You can not remove the aluminum 'housing' that the seal is pushed into unless the pan is removed. So if you leave the pan installed, you have to install the seal with the crank sticking through it, and the housing rigidly fixed. If you've never done a 1-piece rear main seal on anything this way, it is sort of easy to mess up the new seal upon installation. There are two special tools to facilitate a 'no damage' installation, but almost no one has or uses them. You have to be careful that you don't 'tear' the seal lip on the end of the crank as you push it onto the crank and into the housing, which occurs almost simultaneously. Sort of fussy. Particularly for a first-timer.
When I replace the seal during an engine overhaul, I use my bench vice to 'press' the new seal into the housing. I don't use a hammer. When installing the housing with seal already installed, it is possible to wiggle the seal over the crank, push the housing onto its dowels, and install the bolts. Not fussy at all, almost no opportunity to damage the seal lip.
If you have any signs of leaks at the oil pan gasket, I encourage you to replace the pan gasket at the same time and do the rear main seal as per the second paragraph.
No one has asked this question, so I will: If you're chasing an oil leak, what has led to the conclusion that it is the "rear main seal"? Many items can leak and look like its coming from the main seal. Valve covers, oil filter/oil cooler, oil pan gasket (corners), oil pressure switch(s), China wall on the intake manifold. The 1-piece rear main seals almost never leak.
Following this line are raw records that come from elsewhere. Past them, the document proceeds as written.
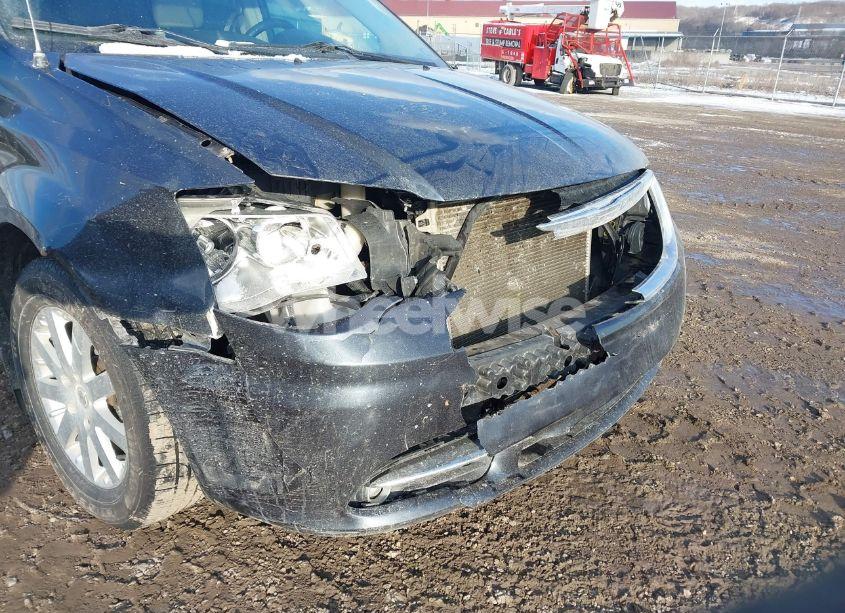 Photo 6 of 2013 Chrysler Town & COUNTRY TOURING (VIN 2C4RC1BG4DR803131)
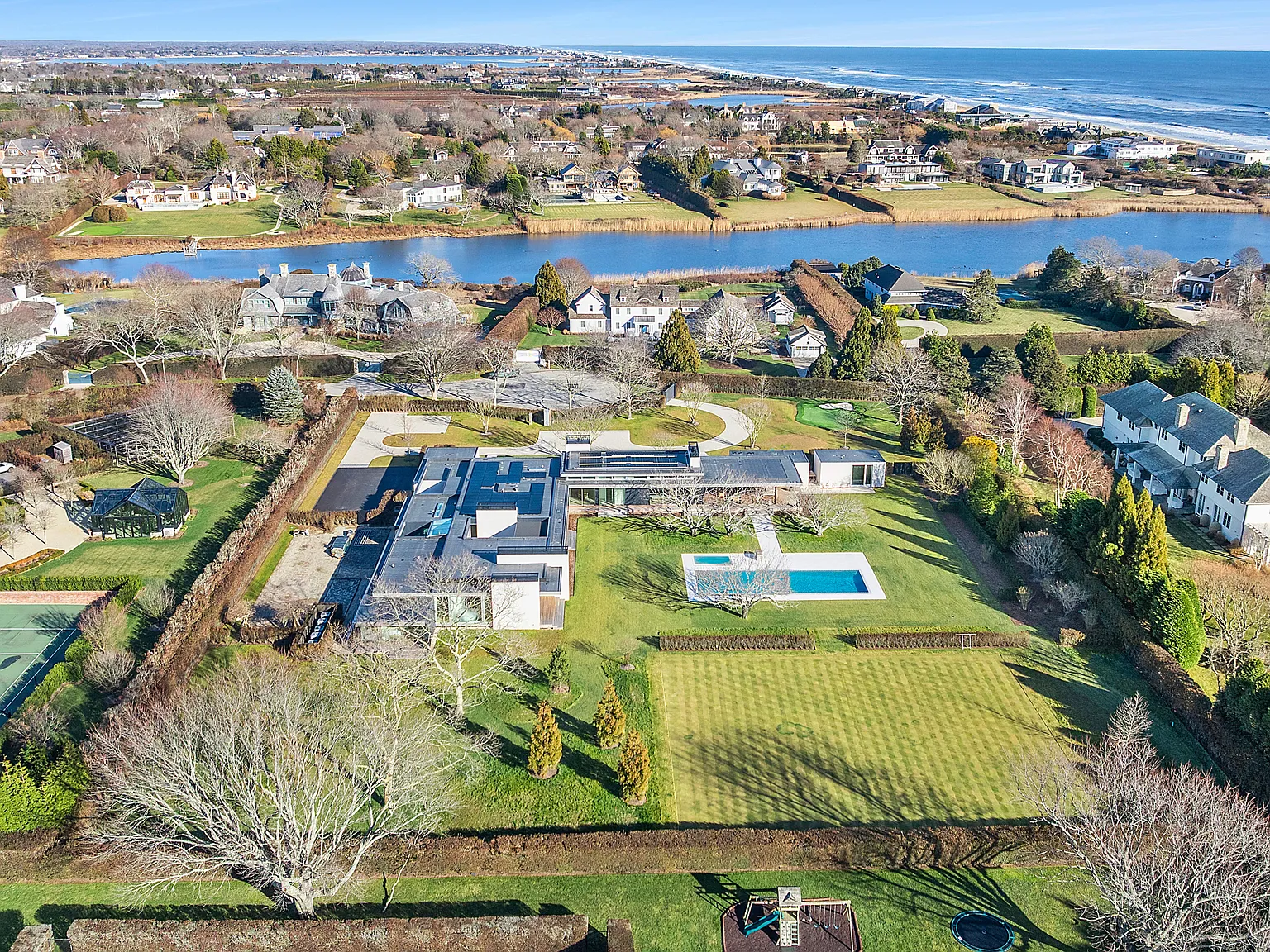 Brand New Modern on 2.79 Acres in Southampton Village — Photo 3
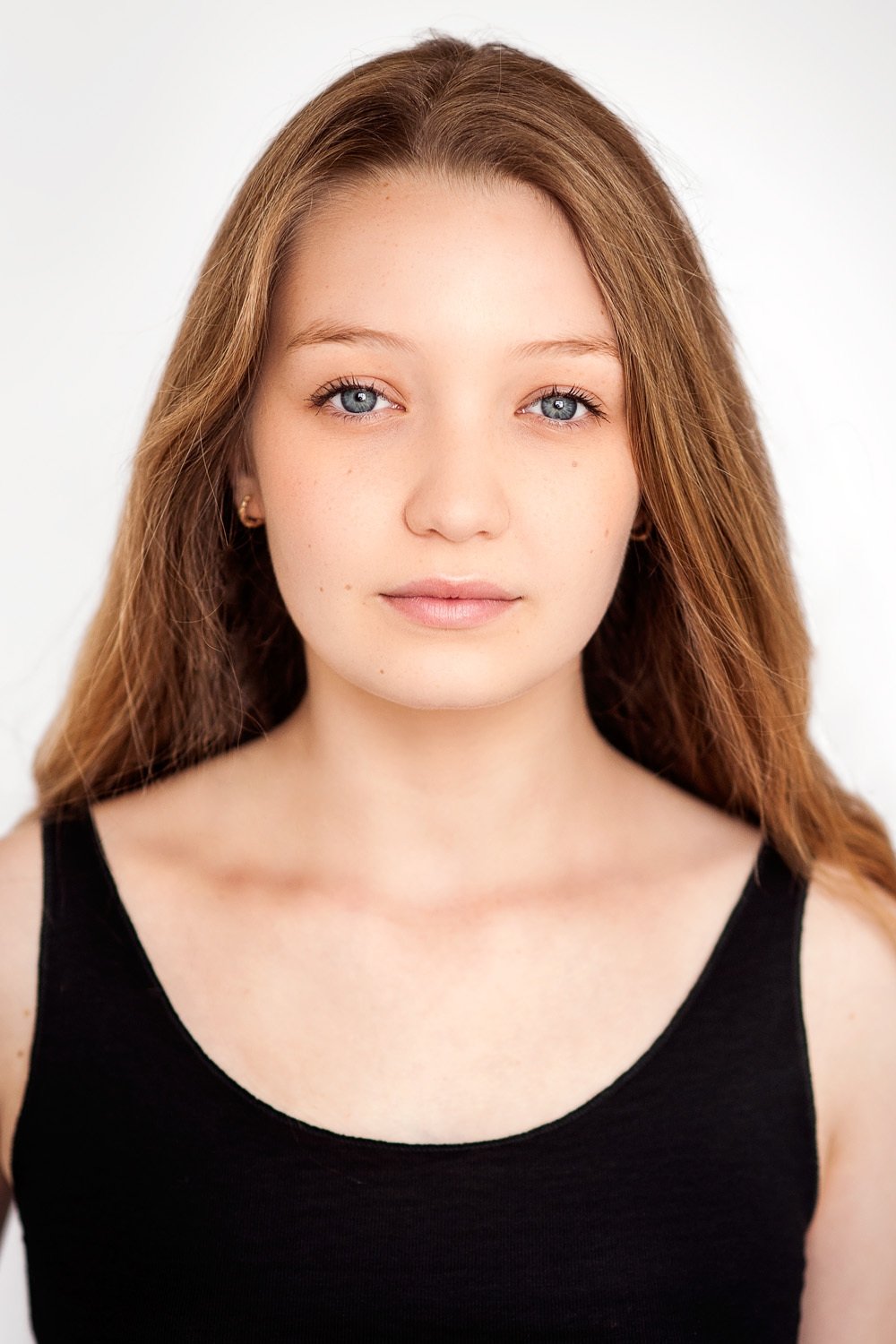بازیگر Lauren Esposito  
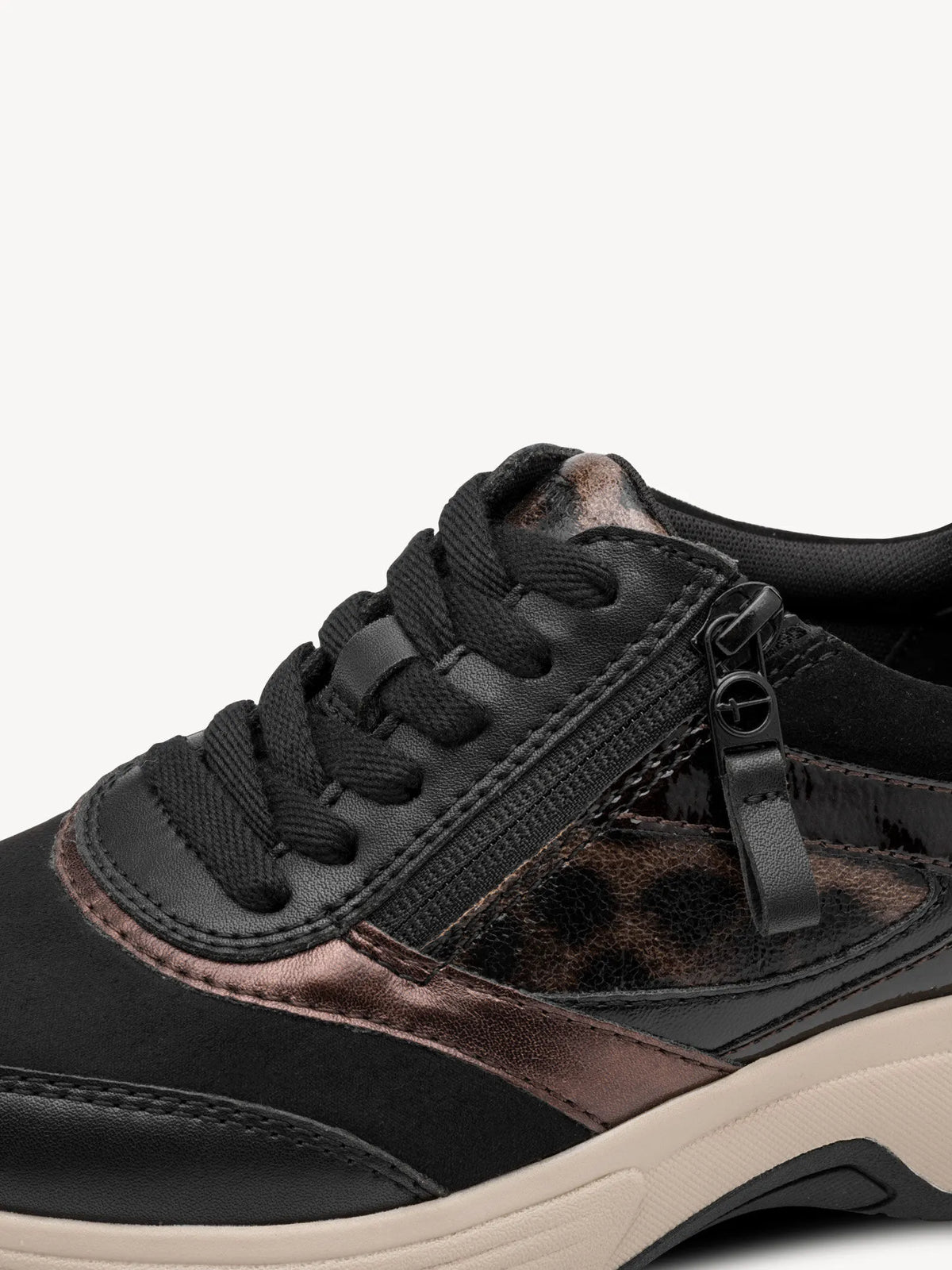 BLACK/LEO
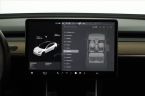 Tesla Model 3 - fotka číslo 15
Vikingtrad3r had an episode with rear seals, he's been in this thread, perhaps he'll elaborate. It had to do with the type of material and the manufacturer of the new seal. He had to do the job over. I don't recall the details.
You can not remove the aluminum 'housing' that the seal is pushed into unless the pan is removed. So if you leave the pan installed, you have to install the seal with the crank sticking through it, and the housing rigidly fixed. If you've never done a 1-piece rear main seal on anything this way, it is sort of easy to mess up the new seal upon installation. There are two special tools to facilitate a 'no damage' installation, but almost no one has or uses them. You have to be careful that you don't 'tear' the seal lip on the end of the crank as you push it onto the crank and into the housing, which occurs almost simultaneously. Sort of fussy. Particularly for a first-timer.
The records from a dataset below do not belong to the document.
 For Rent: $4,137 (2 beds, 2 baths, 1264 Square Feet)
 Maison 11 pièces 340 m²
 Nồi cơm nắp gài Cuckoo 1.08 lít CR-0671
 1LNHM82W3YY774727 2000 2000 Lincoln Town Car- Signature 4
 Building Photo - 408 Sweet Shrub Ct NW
When I replace the seal during an engine overhaul, I use my bench vice to 'press' the new seal into the housing. I don't use a hammer. When installing the housing with seal already installed, it is possible to wiggle the seal over the crank, push the housing onto its dowels, and install the bolts. Not fussy at all, almost no opportunity to damage the seal lip.
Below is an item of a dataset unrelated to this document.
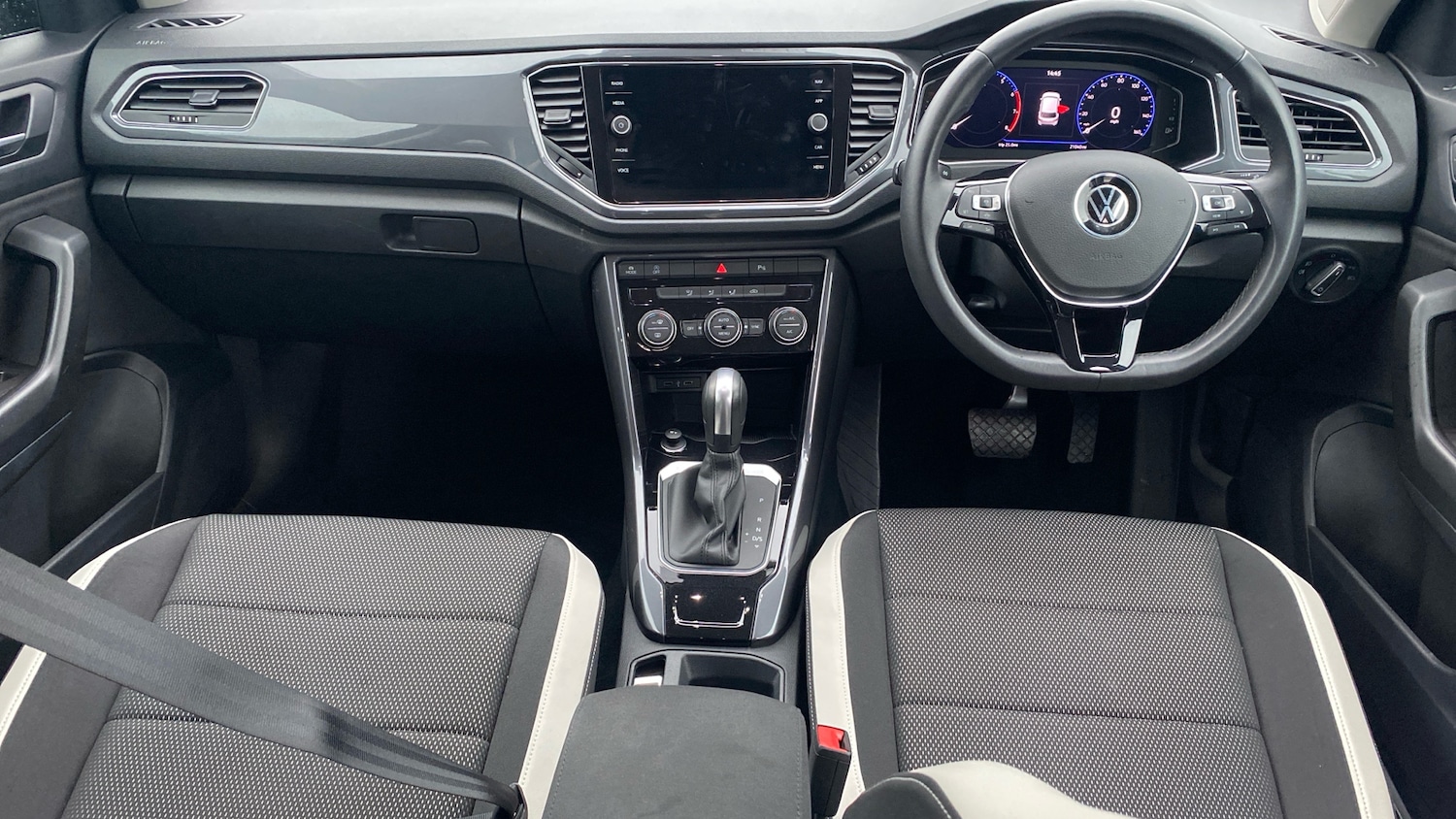 Used Volkswagen T-Roc 2021 for sale - 77350313: Photo 9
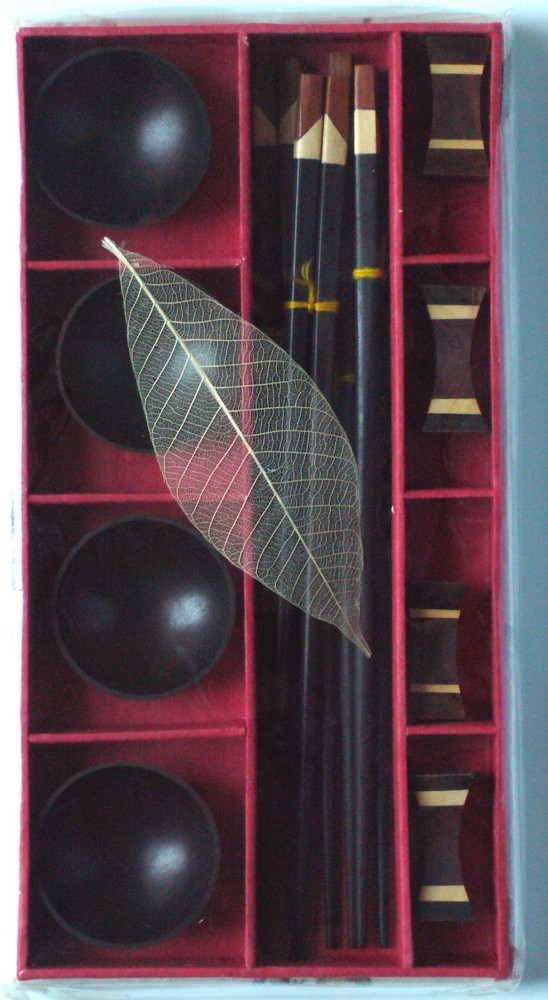 Red Lacquered Wooden Chopsticks Set for Asian Dining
If you have any signs of leaks at the oil pan gasket, I encourage you to replace the pan gasket at the same time and do the rear main seal as per the second paragraph.
No one has asked this question, so I will: If you're chasing an oil leak, what has led to the conclusion that it is the "rear main seal"? Many items can leak and look like its coming from the main seal. Valve covers, oil filter/oil cooler, oil pan gasket (corners), oil pressure switch(s), China wall on the intake manifold. The 1-piece rear main seals almost never leak. Vikingtrad3r had an episode with rear seals, he's been in this thread, perhaps he'll elaborate. It had to do with the type of material and the manufacturer of the new seal. He had to do the job over. I don't recall the details.
I have done many rear main seals before just not with these engines. I don’t believe I actually have a leak from the seal, I am replacing the transmission and know it is a good time to do that as well. That being said, I would still rather take the aluminum housing off with the seal and replace the gaskets behind that at the same time. I will probably buy the oil pan gasket and see how I'm doing on time when I get there as I will be using somebody else’s garage and trying to get it done in a day.